In general, there are 3 rounds of interviews before a company would give you an offer

1. **Recruiter Phone Interview**
2. **Technical Phone Interview**
3. **Onsite Interview**

Some variants include the first round being a technical interview or multiple onsite interviews in rare cases or multiple rounds of technical phone interviews. You might get a take-home assignment at some point. 

Typically between each stage you have a couple of days to 3 weeks gaps. The expected waiting time between stages is closer to 1 week.
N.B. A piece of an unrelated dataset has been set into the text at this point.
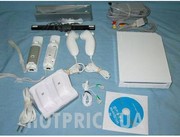 Nintendo WII RVL-001 полный комплект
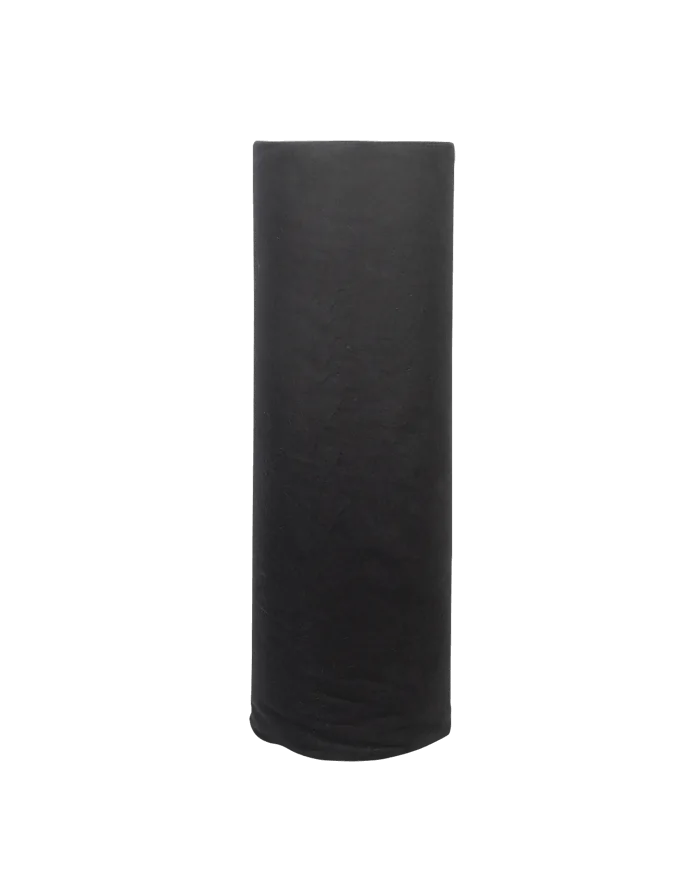 Rotolo da 60 metri di tessuto ignifugo per allestimenti o coreografie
The whole process usually take from 3 to 6 weeks. 

<br>

## Take-home

It is paramount that you ace your take-home if you decide to do the take-home. Acing the take-home would make the technical interviews down the road easier and more just about explaining what your have done for the take-home. 

<br>

To ace the take-home:

- Offer extra insight / knowledge that is not being asked
- Figure out the main theme behind the assignment and add your own interpretation to the assignment
- Push your code to a private Github repo (\$7 a month) and make it object oriented and PEP8 compliant 
- Write a `readme.md` explaining what your have done, reasoning behind and what you could have done
- Alternatively write a presentation (especially if asked to) and have it up on the repo as well

<br>

## Recruiter Phone Interview

Most of you would pass if you have spent more than an hour preparing. You should always ask if the phone interview is technical or not. If not, then most likely it would be a recruiter interview, otherwise see technical phone interview below. 

<br>

To pass the interview, you should:

- Read the job description and make sure you understand it
- **Be able talk through your resume chrnologically, from college to present**
- **Focus on the relevant data science experience in broad strokes**
- Do not focus on technical details 
- **Important: Get an idea what the team does. If the recruiter does not know, then at least try to get the name of some one on the team, ideally the person who will be doing your technical interview**
- Also always ask when you are going to hear back
- If you are asked about if X to Y salary range is ok, do not say yes / no, unless it is very significantly less than what you have expected. Say it depends on other things and it is still to early to tell this is a good range

<br>



## Technical Phone Interview

This round varies from company to company, **almost all companies will do a coding screen**. This round would be done by a data scientist or a software engineer.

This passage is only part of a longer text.